This is a very old post that was automatically imported from LiveJournal. I have done my best to fix up the formatting, but some issues may remain. Comments have not been preserved.
And so, with the beginnings of Autumn, another year begins to draw to a close. Today is the first of October - exactly a year since, worried by the future and by my rapidly-dwindling time at university, I made a wish.
This is what I wished:
If there is only one thing I do this year; only one thing I achieve, it will be this - I will indelibly etch every thought, every feeling, and every emotion that we experience together so strongly and so brightly in our minds that nothing, not even time itself, will dare to take them away from us.
Of course, a wish is no good unless it comes true, and so it did. (After all, what’s the point in being able to do something and yet not doing it?)

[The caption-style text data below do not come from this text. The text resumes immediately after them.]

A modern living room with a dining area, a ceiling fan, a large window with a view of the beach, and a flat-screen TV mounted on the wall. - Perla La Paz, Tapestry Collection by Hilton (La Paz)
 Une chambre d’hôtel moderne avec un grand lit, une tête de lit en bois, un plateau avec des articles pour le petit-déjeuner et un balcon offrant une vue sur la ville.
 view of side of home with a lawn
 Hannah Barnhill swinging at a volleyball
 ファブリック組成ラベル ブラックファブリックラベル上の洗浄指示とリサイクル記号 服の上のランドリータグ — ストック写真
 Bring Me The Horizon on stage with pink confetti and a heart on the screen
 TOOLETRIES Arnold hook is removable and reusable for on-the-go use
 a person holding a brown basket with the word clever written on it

It was, above anything else, a year of emotions. Not just happy ones or sad ones; my wish was not for good nor evil. It was simply for being, living and experiencing to the fullness of our capabilities. I’m not sure anyone’s year has been without its good and its bad parts.
Myself - I fell in love, but it is the very same feelings that abounded at that time to which I attribute my poor exam results. I lost friends and found friends and, in so doing, became a little less afraid of the future. Others, I know, have had just as turbulent a time over the year past.
I started this post wondering if, perhaps, I should end it with an apology. There are friends of mine, and more than a few names come to mind, for whom this last year may have been more of a negative experience than a positive one. And, if my wish contributed to the intensity of that negativity, then I suppose I do feel a little guilty. I’m not going to apologise, though. Doing so would imply that I regretted this year’s heightened emotions, and I don’t. Whether for better or for worse, for good or evil, there’s little I aspire to more than living life to the full - and that includes emotionally.
Still, that year is behind us. We stand now atop a cliff, looking down beyond the low clouds to another year spread out before us. Autumn is, as always, a time of stories and of dreams and of wishes.
Now we are far apart from each other, we may never share the intensity of those emotions with each other again. So, this year, I will wish something more appropriate.
Though we drift, may we never be lost. Though we are apart, may we all see the ways in which we are still together. Let time bring us closer together, not push us apart. Let our bonds of friendship never be broken, even until the lilac trees no longer bloom and the stars themselves burn out in the sky.